START EXTRACTED INFORMATION
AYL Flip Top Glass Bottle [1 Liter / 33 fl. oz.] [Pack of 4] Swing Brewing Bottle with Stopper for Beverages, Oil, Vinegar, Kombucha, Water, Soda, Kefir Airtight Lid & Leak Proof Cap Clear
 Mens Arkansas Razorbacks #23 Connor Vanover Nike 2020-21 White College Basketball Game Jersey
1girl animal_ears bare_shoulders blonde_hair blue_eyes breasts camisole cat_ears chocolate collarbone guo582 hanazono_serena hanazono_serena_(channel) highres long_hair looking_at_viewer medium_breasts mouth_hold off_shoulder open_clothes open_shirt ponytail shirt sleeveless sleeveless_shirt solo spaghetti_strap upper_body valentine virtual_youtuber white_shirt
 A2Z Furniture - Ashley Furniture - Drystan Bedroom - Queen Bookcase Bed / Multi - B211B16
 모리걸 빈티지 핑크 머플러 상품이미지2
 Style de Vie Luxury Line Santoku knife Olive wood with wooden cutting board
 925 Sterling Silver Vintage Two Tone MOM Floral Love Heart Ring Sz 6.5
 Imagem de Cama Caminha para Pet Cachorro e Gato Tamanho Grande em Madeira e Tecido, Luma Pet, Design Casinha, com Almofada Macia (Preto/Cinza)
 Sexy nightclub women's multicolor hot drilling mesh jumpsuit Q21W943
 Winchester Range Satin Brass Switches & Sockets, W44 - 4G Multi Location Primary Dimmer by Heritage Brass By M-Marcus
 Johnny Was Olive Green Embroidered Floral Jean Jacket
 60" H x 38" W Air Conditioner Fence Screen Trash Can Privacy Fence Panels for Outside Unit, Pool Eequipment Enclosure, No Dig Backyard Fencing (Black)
END EXTRACTED INFORMATION
REQUIREMENT. Take the lines from the start of the records through the line holding "Mens Arkansas Razorbacks", both included, and please print them exactly, with nothing else.

TASK RESPONSE.
AYL Flip Top Glass Bottle [1 Liter / 33 fl. oz.] [Pack of 4] Swing Brewing Bottle with Stopper for Beverages, Oil, Vinegar, Kombucha, Water, Soda, Kefir Airtight Lid & Leak Proof Cap Clear
 Mens Arkansas Razorbacks #23 Connor Vanover Nike 2020-21 White College Basketball Game Jersey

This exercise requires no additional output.